# a home for my saws



## blacktail (Nov 15, 2011)

My grandma passed away a couple of weeks ago. I've always maintained that when it came to her estate, I already have the things I want, and that's my grandpa's guns. They're not antiques or collectors items. I just want to shoot birds with the same guns he did. Now that she's gone, we've been dealing with her things. We've been pretty casual about her possessions and the few things I've wanted were all personal things of my grandpa's. His hard hats were the first things I made sure to get. 
Anyway, I got the shelves from his garage. There isn't much special about a set of plywood shelves. But, my grandpa kept tools on these for decades. To have these in my garage is priceless. I think he'd approve of his shelves holding my new saw in my new house.


----------



## hossthehermit (Nov 15, 2011)

Way to go Jamie


----------



## Cowboy Billy (Nov 15, 2011)

I hear ya Jamie and I feel the same way. When I use something I got from grandpa it feels like he is right there working with me again.

Billy


----------



## Thistle (Nov 15, 2011)

That's wonderful Jamie. I have a few things of Dad's Dad.My fav thing is a 1930's Stanley No.0 24in. Cherry Carpenter's Level. Restored it several years ago,has original vials & still 100% accurate,I still use it.


----------



## Gasifier (Nov 15, 2011)

Awesome Jamie. My condolences to you and yours. Your Grandpa and Grandma are very proud of you, your new tools, and your new house! Thanks for sharing man.


----------



## firefighterjake (Nov 15, 2011)

As I get older and my grandparents have died I realize that it is not so much the monetary value of the things they owned that is as important as is the feeling and memories . . . When my grandmother died it was interesting as my sister only wanted this old cookie jar . . . not because it was a collector's item . . . but because she fondly remembered always going to her house and there were always home-made cookies in the cookie jar . . . 

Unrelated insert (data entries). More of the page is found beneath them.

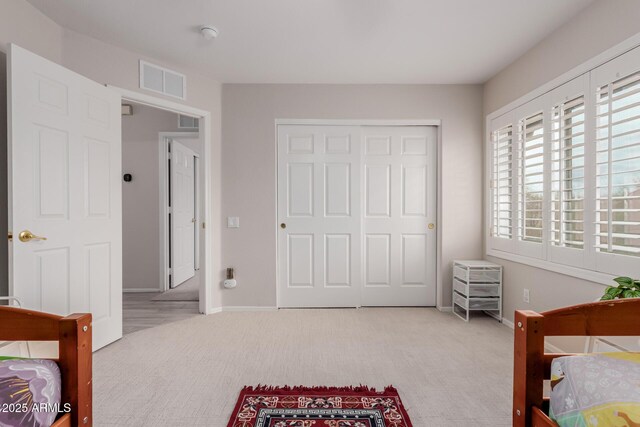 bedroom featuring a closet, visible vents, carpet flooring, and baseboards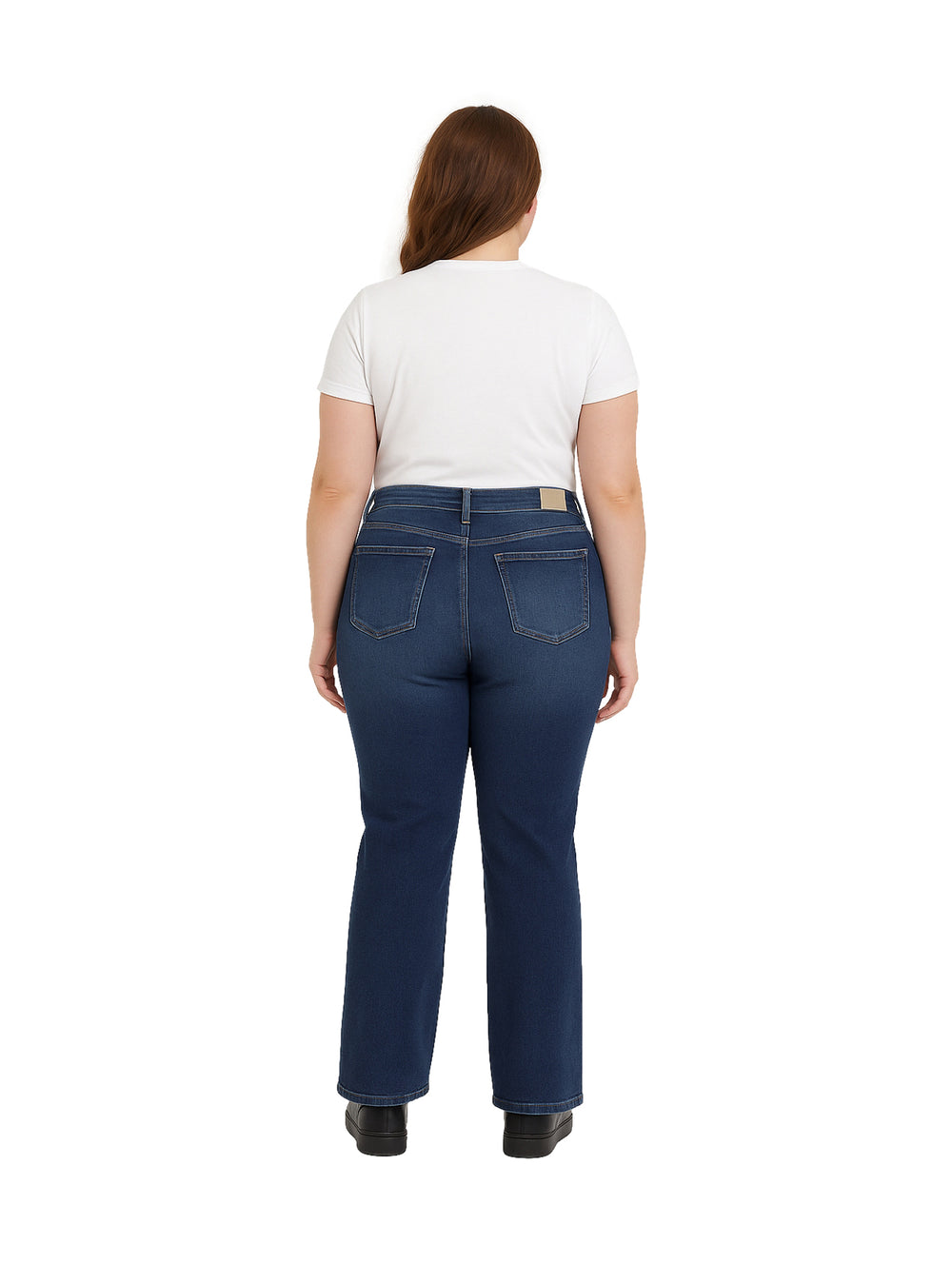 Mujer usando pantalones jeans azul oscuro de corte recto y playera blanca.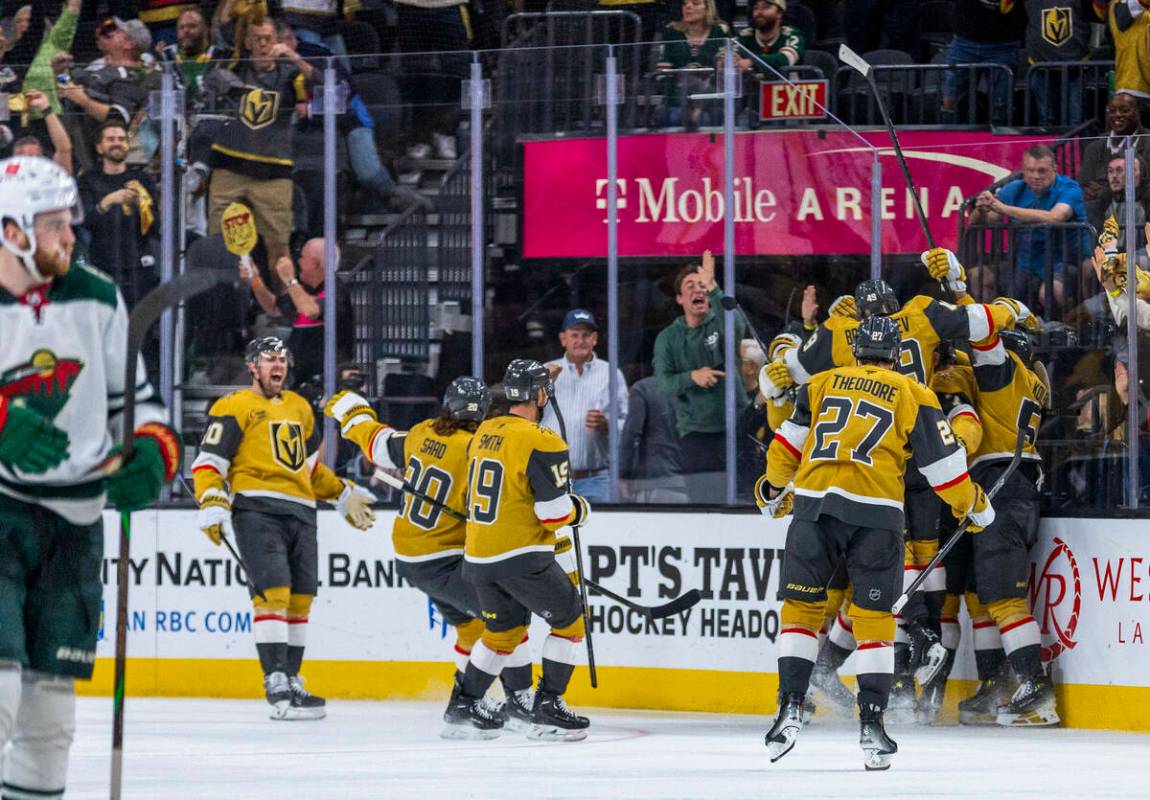 Golden Knights players celebrate their goal and win against the Minnesota Wild during the overt ...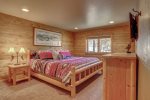 Couloir Cabin master with queen log bed. 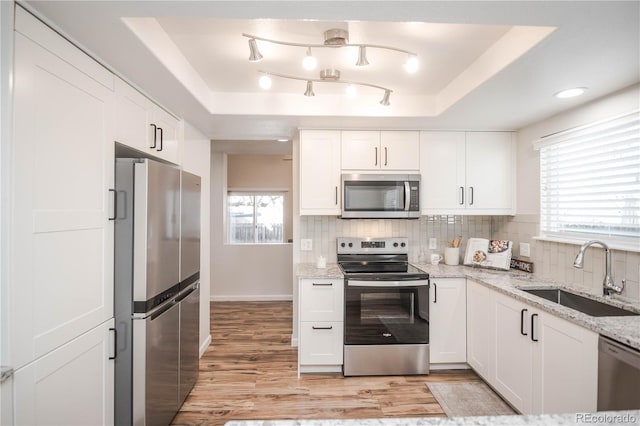 kitchen featuring stainless steel appliances, a raised ceiling, sink, and white cabinets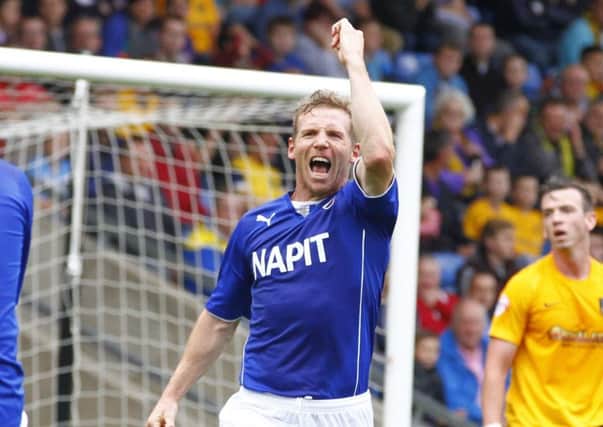 Ritchie Humphreys celebrate's the Spireites first goal against Oxford by Tina Jenner Oxford Utd v Chesterfield
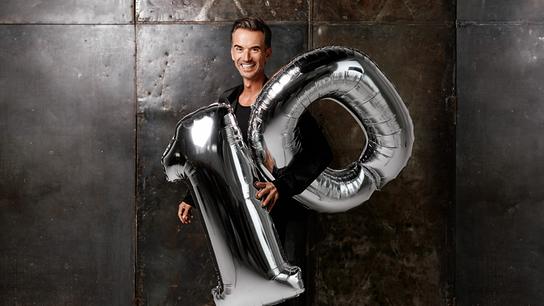 Florian Silbereisen präsentiert "10 Jahre Schlagerbooom" und hält vor einer dunklen Wand große silberne Folienballons in Form der Zahl 10.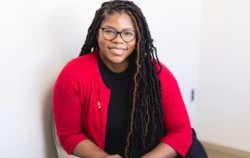 woman in red cardigan smiling.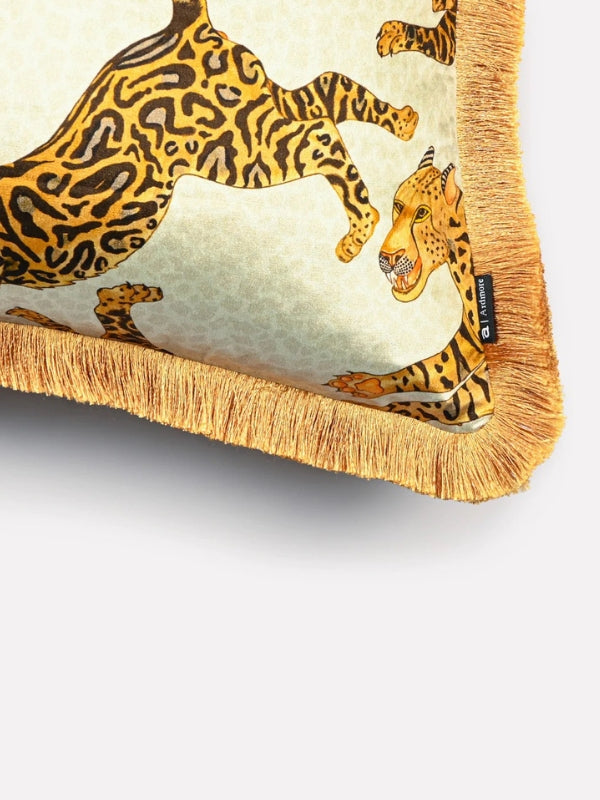 velvet print cushion with gold fringe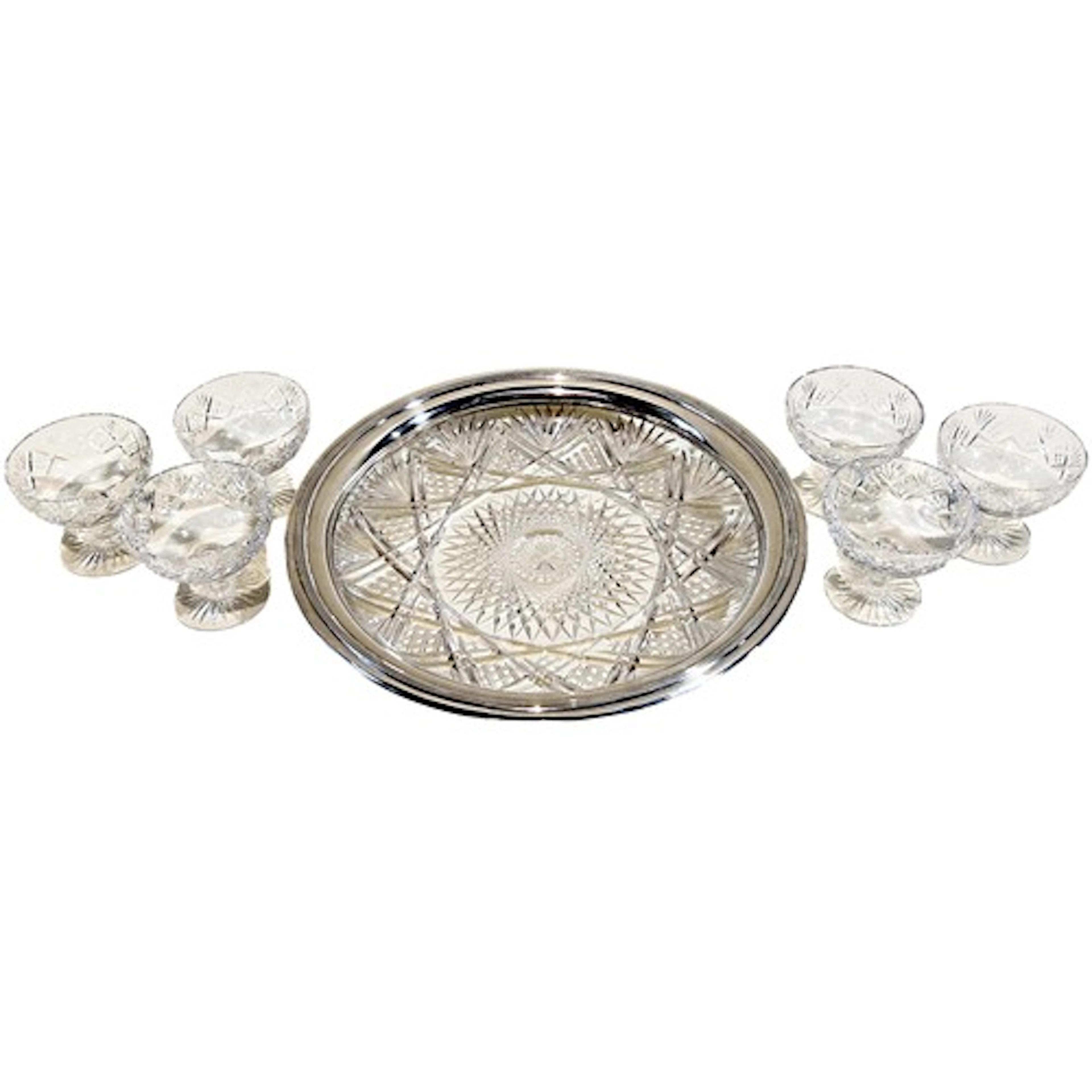 A heavy circular cut glass bowl with hallmarked silver borde...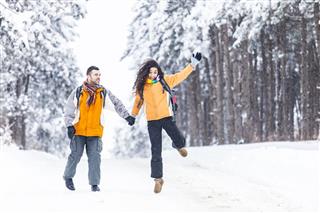 Cheerful Tourists Jumping In Snow Forest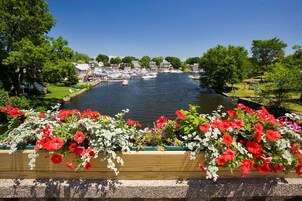 Desk, laptop workspace, blackout drapes, iron/ironing board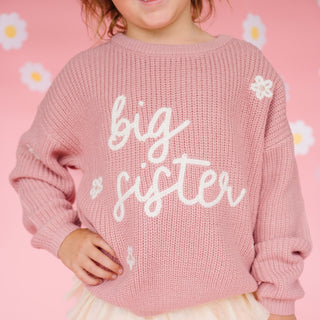 Sweet Wink Big Sister Knit Sweater
Child wearing a pink 'big sister' sweater against a pink background with daisies.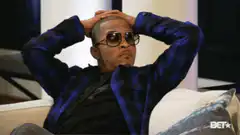 Snoop Dogg hands behind head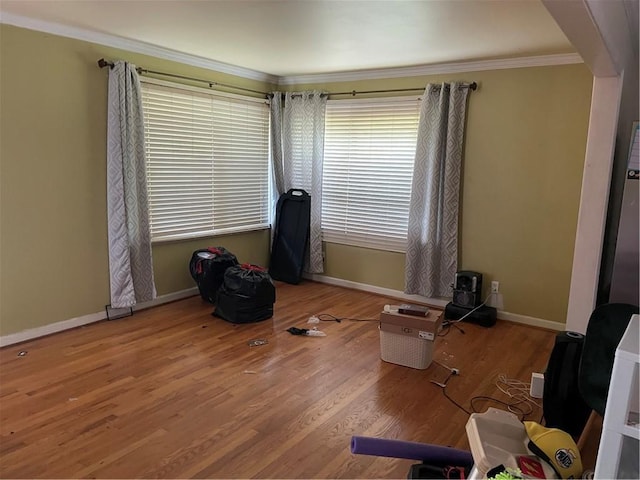 spare room featuring crown molding, wood finished floors, and baseboards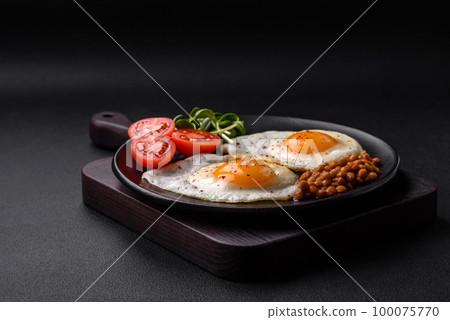 Delicious hearty breakfast consisting of two fried eggs, canned lentils and microgreens Delicious hearty breakfast consisting of two fried eggs, canned lentils and microgreens 100075770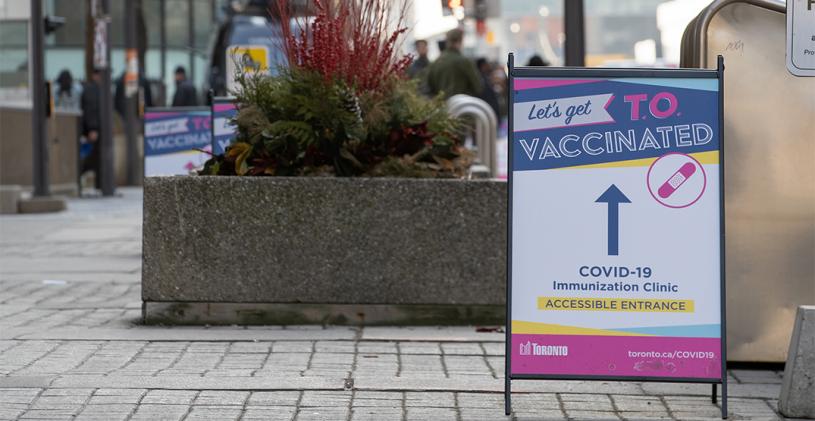TORONTO, ONTARIO, CANADA - MARCH 18, 2021: SIGNAGE DIRECTING PEOPLE TO WHERE TO RECEIVE THEIR COVID-19 VACCINE AT METRO CONVENTION CENTRE.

Meanwhile the one thing I wanted was this old clock that had the varnish peeling all over it . . . again . . . it was not really valuable . . . but as a kid I just remember staying overnight with my grandparents and hearing that clock chime on the hour.

Finally, my brother wanted a brass bed that was upstairs . . . there may have been some value to it . . . but he wanted it because he remembered always sleeping on that bed when we stayed overnight.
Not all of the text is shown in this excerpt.